Tu imaginerais le nombre de j’aime et de cœurs j’adore que j’aurais pu récolter ? Et surtout le partage et le repartage, en boucles interminables. Autant de fois que serait redit ce quatrain, autant de fois sera rappelée ma chute.
Tu imaginerais le nombre de variations sarcastiques qu’allaient se donner à cœur joie les blogueurs ? Il s’appelle Aîcha, finalement, lancerait un blagueur en herbe. Voyons qui serait l’âne dans cette affaire tombante. Et la paille ? L’hôtel Azalai ou l’avenue Nacer ? Autant de commentaires, autant de rebondissements, à n’en pas finir. Tu ne peux pas me dire que ça n’est pas nous, ça !
Apres tu pourrais questionner le bien-fondé de la légitimité du blogueur. Est-ce que la légitimité est tributaire à un ordre moral. C’est une question de pertinence. Mais, ici, c’est l’influence, qui compte. Oui, on parle beaucoup de ce blogueur camionneur, exilé aux États-Unis, qui fait des live et qui sème terreurs et angoisse au sein de l’intelligentsia et autres acteurs de la scène politique de Nouakchott. C’est un camionneur, figure-toi.
Souviens-toi de l’époque de nos lectures de jeunesse. Tu te rappelles, outre les livres Aventures, Tarzan, Rodeo, Asterix et autres. Nous tombions souvent chez le bouquiniste de livres albums, intitulés Cent Blagues, parfois Mille Blagues.

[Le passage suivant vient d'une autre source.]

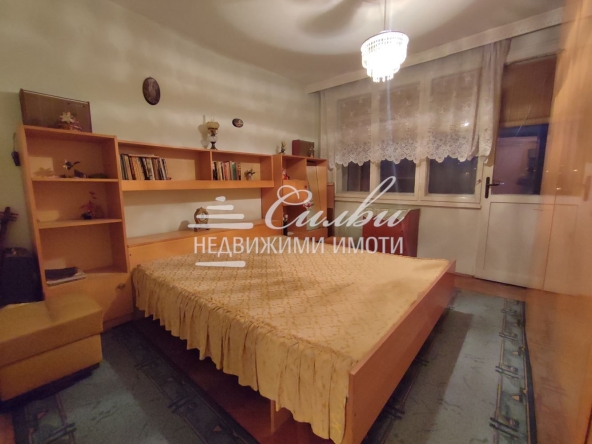 Четиристаен апартамент в Шумен, Болницата - 95 кв.м за 1342 €/кв.м - Снимка #1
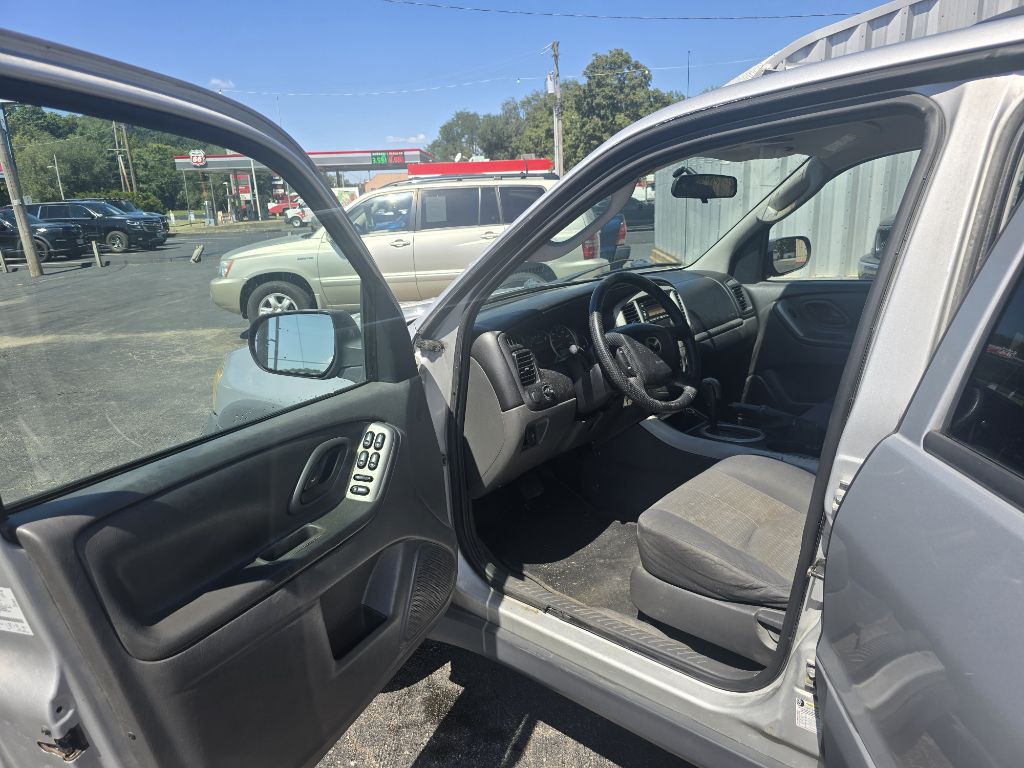 2006 Mazda Tribute Image 8
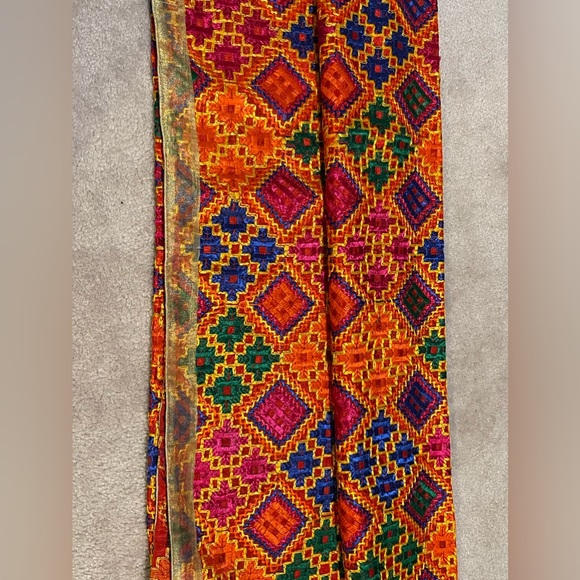 Indian Punjabi phulkari chunni / dupatta - Picture 2 of 2
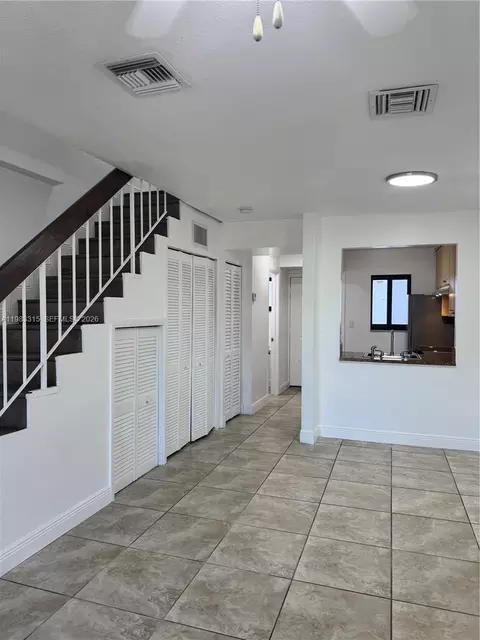 1001 SW 105th Ave #113, Miami, FL 33174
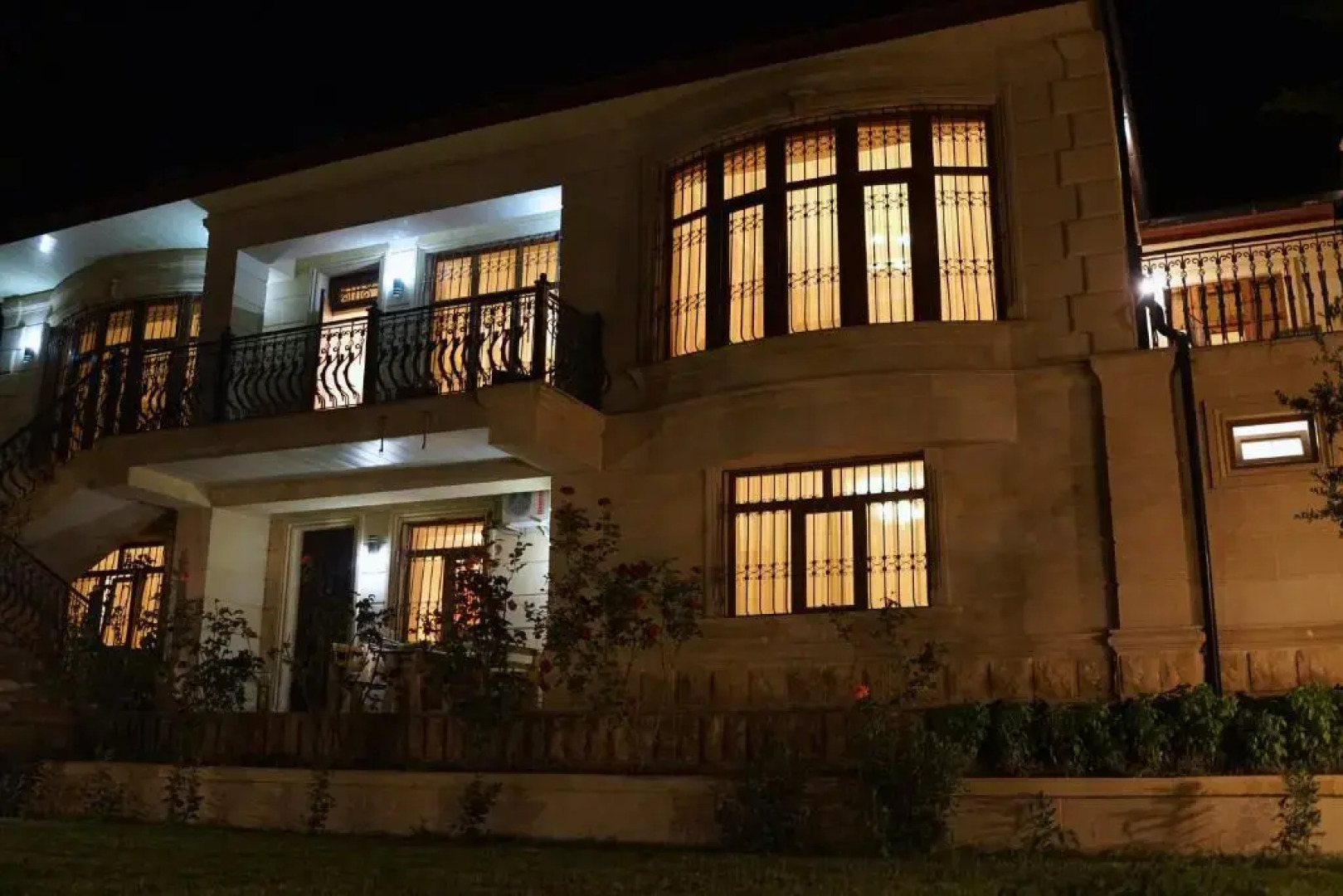 Вилла Seaside Villa in Buzovna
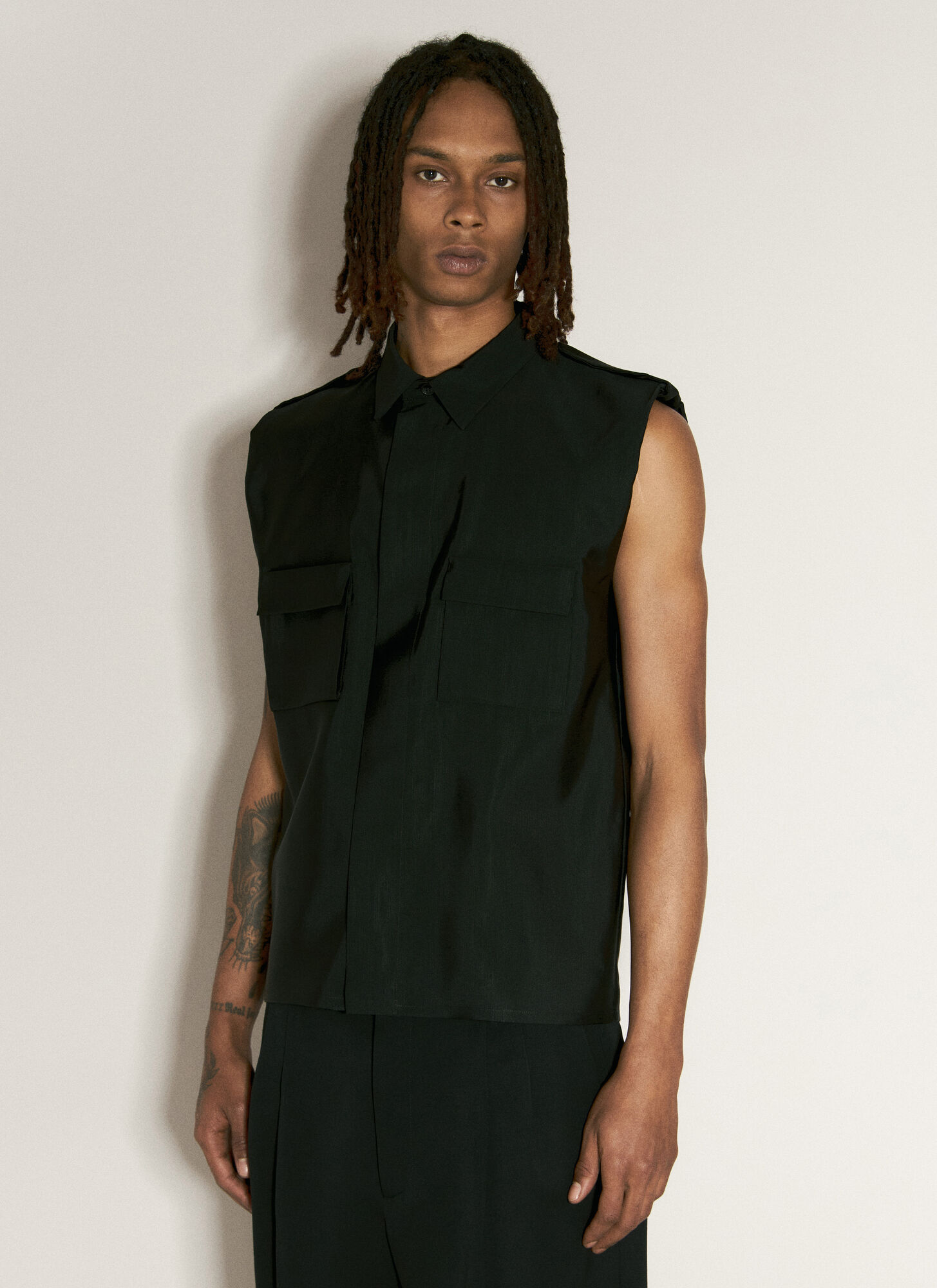 Saint Laurent Men Saharienne Sleeveless Shirt In Black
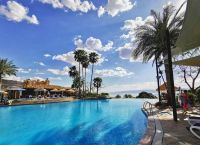 Pool im Mövenpick Hotel am Toten Meer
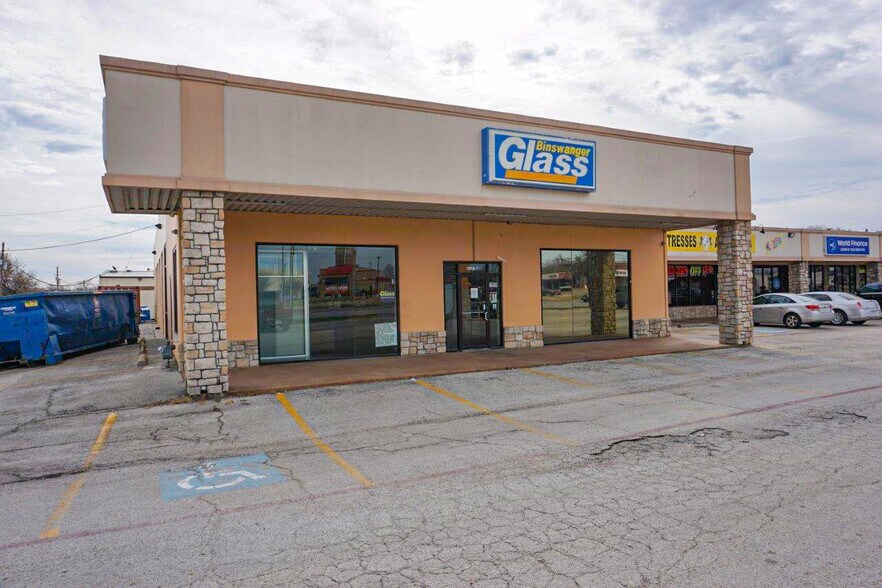 2627-2633 S Cooper St, Arlington, TX for sale - Building Photo - Image 1 of 1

Combien tu en as lus ? Ils commencent souvent par les blagues des ivrognes, ensuite, ils consacrent une bonne partie aux blagues, qui raillent les camionneurs. Je n’ai jamais compris pourquoi les camionneurs, en face des ivrognes, les blondes et les belges. Plus tard, j’allais soupçonner une vérité, que je saurais appeler la vérité du camionneur. Tu sais bien qu’un camionneur passe ses journées de camionneur à passer par les villes et campagnes. Le soir, il stationne non loin de l’entrée d’une ville, dans une aire de repos, où il se fait client auprès d’une gargote, il se goinfre bien avant d’atterrir dans un bar, habitué à d’autres camionneurs, qui passent. Et comme, ils n’ont de vérité que celle d’un passant rapidement à l’intérieur d’une ville, qui ne saurait garder de cette ville qu’une vérité de façade, parcellaire et fragmentaire, mais il n’empêche qu’elle soit une ; une vérité pour le camionneur passant. C’est un peu un quart de vérité, encore faudrait-il que le quart restant ne soit pas altéré par l’effet d’une fatigue épouvantable, accentuée d’une mauvaise soirée d’ivresse.
A l’époque, on en riait avec fort amusement. Aujourd’hui, on le craint, on en meurt d’angoisse et on le considère même une opinion politique des plus solides, des plus argumentées. Ça c’est nous. C’est la prégnance de l’ordre oral, qui fait foi et renie, et annihile même l’ordre de la loi.